Символические памфлеты, трактующие о судьбах мира и человека, возвращают нас к Гофману. Только фантастика Гофмана была нестрашной. Фантастика Кафки наполнена ужасом, как и его старшего современника Достоевского.
Стихи в жизни людей значат очень много.
Тяжелая раковая больная Вера Николаевна Клюева[87] — автор словаря синонимов, профессор литературы, умерла во время чтения стихов Блока. Ей целую ночь читали Блока. Дочь читала. Умерла, как Петроний в Риме.
Говорят, что стихи должны быть ясными (мысль ясно изложена) — и что это якобы их главное достоинство.
Я смотрю на дело иначе.
В поэзии главное — не ясность, а точность. Ясность и точность — вещи разные.
Как поступать с подтекстом, с символикой.
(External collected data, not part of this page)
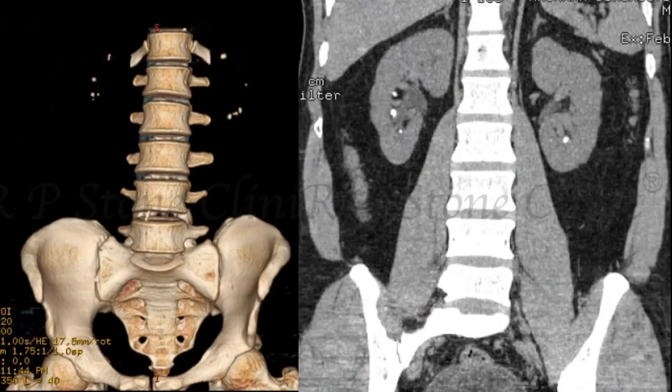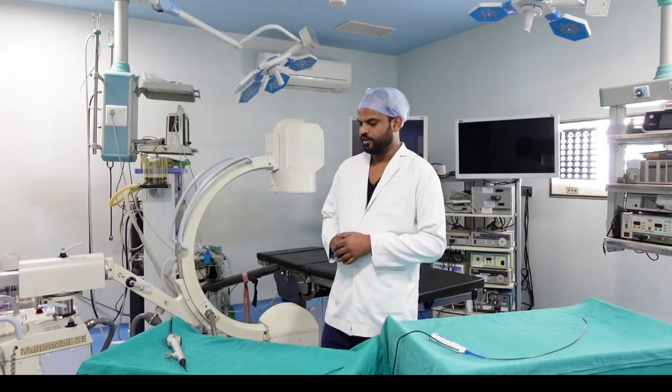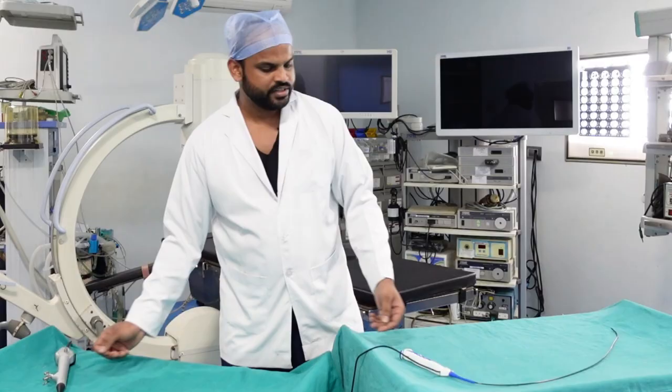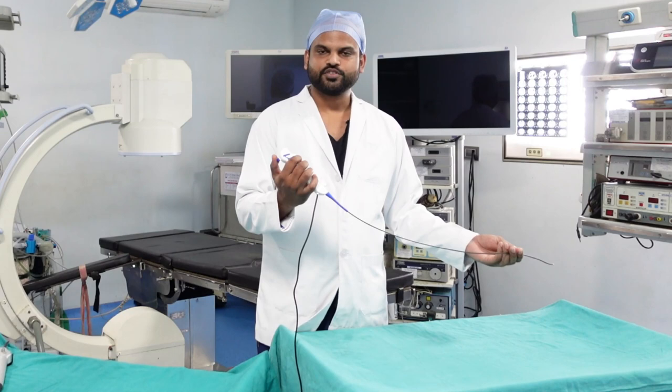Our patient is having bilateral renal calculi. On the right side, we will be using this reusable flexible ureteroscope, Carl Stoess Flex XC. And in the same patient, we will be using Carl Stoess Flex XC1, which is a disposable flexible ureteroscope, on the left side.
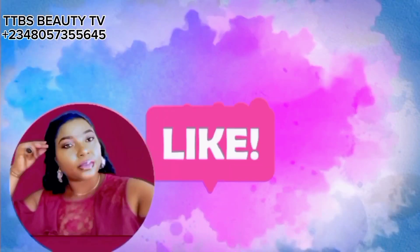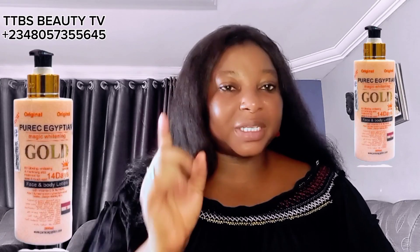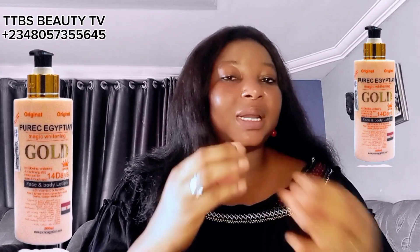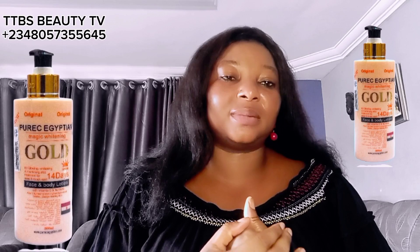Welcome to my channel everyone. I got a question asking me how to make some pure Egyptian magic gold lotion, so I responded by telling the lady that I'm going to upload it soon, so that every other person can learn and another person would not have to come and ask under the comment section again. That's the reason why we guide you on this.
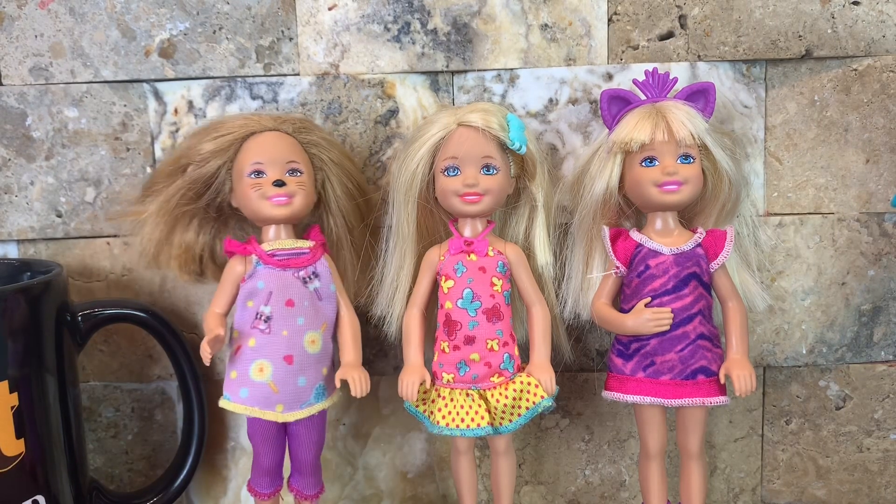So what I'll be doing today is fixing these dolls up. I have all the supplies here with me, and in case you haven't seen my last video, I'm going to be showing you guys how to neaten your dolls up.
С намёком, аллегорией.
Ведь язык — вовсе не так совершенен, как нам кажется.
Разве чувства не многообразней мысли, всего запаса слов.
Разве хватит запаса слов, чтобы, скажем, описать человеческое лицо?
Чувство богаче мысли, и одна из задач стихов — передать это чувство, пользуясь таким несовершенным аппаратом, как слово.
Именно потому, что чувства богаче мысли — наконец, завоевания в этой области, поиски нового выражения, подробности — безграничны.
<нач. 1960-х гг.>
Библиотека поэта
«Библиотека поэта» — издание очень хорошо задуманное. Так, как оно осуществляется сейчас, — оно не нужно никому.
Кому интересны стихи Каролины Павловой[88]? Какой поэт может найти в ней хоть кроху полезного? Наверно, ни один. Поэту нечего делать со стихами Павловой.
Между тем, тех поэтов, которые составляют вершины русской поэзии XX века и которых я уже перечислял — «Библиотека поэта» не издавала и не издает.
В чем дело? Что бояться стихов Мандельштама? Гумилёва? Цветаевой? Ходасевича? А ведь для постижения тайн поэтического искусства эти авторы необходимы. Их нельзя обойти. Как нельзя обойти Пастернака, Кузмина, Северянина...
Я утверждаю, что хорошее знакомство с Игорем Северяниным более полезно для молодого поэта, чем, например, с творчеством Василия Каменского, Хлебникова и даже Маяковского. Игорь Северянин — поэт абсолютно одаренный, голос которого абсолютно поэтической чистоты при всей его вычурности. Игорь Северянин научит поэта краткому, совершенному русскому стиху, тогда как Каменский и Хлебников, сломав русский стих, ничем его практически не заменили. Интонационное богатство русского стиха, его образная система настолько безгранично разнообразны, что не надо покидать традиционные русские размеры, которые не исчерпывают и миллионной доли возможностей, которые в них заложены.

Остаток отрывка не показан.